Thanks for the explanation. I keep forgetting, even if I've worked on parsing code many times.
I understand backwards compatibility concerns, but this particular case does seem to show an extreme waste, especially since I don't think it's really necessary here. I don't see the ambiguity of nesting parentheses as (((1))), for example. It appears that the escaping rules have been kept simple in order to make parsing 1-2 edge cases simpler, at the cost of most ordinary cases being way too verbose.
Sure, nesting 32 levels without even actual named composite types is not realistic, as this was just a client side integration test for client side logic. But nesting 5 levels, including named composite types is not unseen, and that already incurs 2^4 = 16 unnecessary double quotes for each data item on each row.
In my opinion, the rich system of user-defined data structures is PostgreSQL's biggest strength, even compared to Oracle, the other popular ORDBMS. If there's such a significant performance penalty to using them, people simply might not.
Of course, there's the workaround of serialising JSON to clients instead of the native text format...
PG Bug reporting form <noreply@postgresql.org> writes:
> I don't understand how such excessive memory consumption is produced by such
> a "simple" query.
Compare
regression=# select row(row(1));
row
---------
("(1)")
(1 row)
regression=# select row(row(row(1)));
row
---------------
("(""(1)"")")
(1 row)
regression=# select row(row(row(row(1))));
row
-------------------------
("(""(""""(1)"""")"")")
(1 row)
Each layer of ROW() has to quote the string representing the next
lower layer, so it doubles all the double-quotes per the quoting
rules at
https://www.postgresql.org/docs/current/rowtypes.html#ROWTYPES-IO-SYNTAX
So the output length nearly doubles for each layer of ROW(), and yes
it doesn't take that many layers to get to something excessive.

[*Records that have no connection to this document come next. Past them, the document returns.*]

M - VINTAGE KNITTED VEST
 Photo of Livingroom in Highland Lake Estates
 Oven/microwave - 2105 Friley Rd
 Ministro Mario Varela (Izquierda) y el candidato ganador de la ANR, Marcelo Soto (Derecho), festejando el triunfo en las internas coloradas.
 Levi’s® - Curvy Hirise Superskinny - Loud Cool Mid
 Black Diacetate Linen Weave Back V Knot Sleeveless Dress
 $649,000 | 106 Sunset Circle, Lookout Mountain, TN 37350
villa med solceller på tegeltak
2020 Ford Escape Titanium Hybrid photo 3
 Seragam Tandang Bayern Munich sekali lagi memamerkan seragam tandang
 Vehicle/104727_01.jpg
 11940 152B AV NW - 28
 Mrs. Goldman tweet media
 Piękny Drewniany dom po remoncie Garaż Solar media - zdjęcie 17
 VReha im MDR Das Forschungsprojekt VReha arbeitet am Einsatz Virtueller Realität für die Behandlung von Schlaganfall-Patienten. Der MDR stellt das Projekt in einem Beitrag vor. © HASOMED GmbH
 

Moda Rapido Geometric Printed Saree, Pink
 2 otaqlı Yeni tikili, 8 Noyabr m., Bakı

Maybe we could redefine the quoting rules in a way that's friendlier
to this sort of thing, but it would surely make them a lot more
complicated, which would likely introduce enough client-side bugs
to make the change unattractive. Not to mention the whole backwards
compatibility question.
On the whole I can't get excited about this, since I see no very
good reason to use such a data structure.
regards, tom lane